Goodyear Concept Car Tires - Large at Detroit Auto Show
DETROIT, Jan. 8 -- Goodyear's concept tire showing is massive at the North American International Auto Show here.
Literally. The company's rim diameters at this show range from 17 to 22 inches; tread section widths spread up to 315 mm, or more than a foot wide.
``These works of art are larger than life,'' according to Bill Egan, chief engineer of advanced product technology, ``or at least, they seem to be. Bigger is better in Detroit.''
Take Ford's Mighty F-350 Tonka concept truck, which sports six huge Goodyear 22-inch hand-carved tires. More than 4 feet of tread width keep the truck rear planted firmly on the pavement.
The Tonka LT315/60R22 tires ``certainly look the part. Blocky, yet aesthetically pleasing, tread elements and aggressive shoulder styling accentuate the image portrayed by this Goliath-sized toy truck,'' Egan said.
Yet the mighty Ford is a hybrid, of sorts. The F-350 prototype stores recaptured braking energy hydraulically for significant fuel economy improvements.
On the Detroit show floor, Goodyear's considerable presence is evident across several automotive manufacturers. Egan said 19-inch run-flat concept tires reflect the future, despite the history evident in a concept Chevrolet Bel Air.
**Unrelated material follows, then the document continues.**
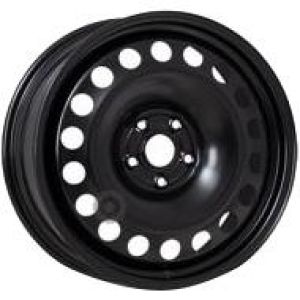 KFZ 9373 7.5x18 5x112 ET50, melns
The Bel Air, evocative of the wildly popular 1955, '56 and '57 Chevys, refuses the retro label. ``It possess a heritage of exciting designs and performance, while its concept tires look to the future,'' Egan said.
With nearly 50 run-flat tire programs underway worldwide, Goodyear hints that run-flat tires will change the tire and automotive industries. Egan said the federal Transportation Recall Enhancement, Accountability and Documentation (TREAD) Act might drive run-flat tire development.
The act mandates new safety standards for tires, including the installation of pressure-monitoring systems by 2003. The systems are required when run-flat tires are used.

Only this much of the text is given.